2004年に入ると、パ・リーグ各球団の経営難が表面化した。渡邉は「2リーグ12球団体制」を「1リーグ10球団」に再編する構想を描く。まず東京ドームを巨人と共同で使用していた日本ハムファイターズの北海道移転に賛同する。北海道を準フランチャイズとしていた西武が難色を示したが、渡邉は西武の堤義明オーナーを説得。さらに、経営難に陥っていた近鉄とオリックスの合併も推進、ダイエーとロッテの合併話も推進しようとした。

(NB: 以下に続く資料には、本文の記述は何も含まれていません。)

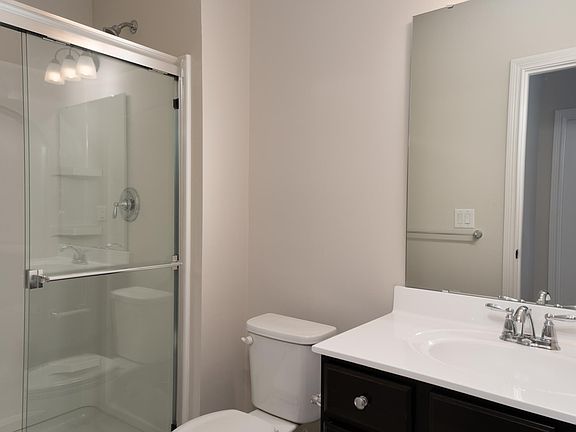 The Bennett C Full Bath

渡邉は「1リーグ10球団」にすることで、巨人戦の「放映権」の恩恵をすべての球団にもたらそうと考えたのだ。それはすなわち「球界の盟主」としての巨人の地位を維持することでもあった。 正力松太郎が創設した「2リーグ12球団」という体制を、その後継者たる渡邉恒雄が終わらせようとしたのだ。 ■「たかが選手が」発言で1リーグ10球団構想は頓挫 この「球界再編」は、オーナー会議の賛同を得たことで、成功するかと思われたが、これに反対してストライキを打つ構えを見せたプロ野球選手会会長の古田敦也に対して渡邉が発した「分をわきまえなきゃいかんよ。たかが選手が」発言によって、世論は一気に選手会側に傾き、渡邉の「1リーグ10球団構想」は頓挫することとなった。

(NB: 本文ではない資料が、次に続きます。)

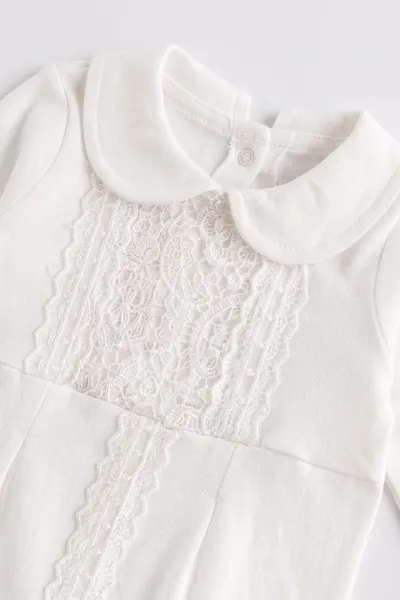 Beyaz (0-3 Ay)Dantelli Bebe Yaka Tulum, Battaniye ve 10'lu  Kız Bebek Hastane Çıkış Seti 476860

渡邉はこの年、明治大学の好投手、一場靖弘をめぐる「栄養費」問題にかかわってオーナー職を引責辞任したが、読売グループ、巨人への影響力は衰えなかった。2011年には「清武の乱」で世間を騒がせるなど、相変わらずプロ野球界の頂点に君臨した。 渡邉と親しかったスポーツジャーナリストの江尻良文の著書「渡邉恒雄とプロ野球」(双葉社)には、「江川事件」が勃発した際に、渡邉は江川卓の巨人入り、小林繁の阪神移籍へ向けて奔走したと書かれている。当時まだ局長クラスだった渡邉がこの大事件にどこまで関与したかは疑問が残るが、「球界のフィクサー」として大きな影響力を行使したことをことさら強調したかったのではないか。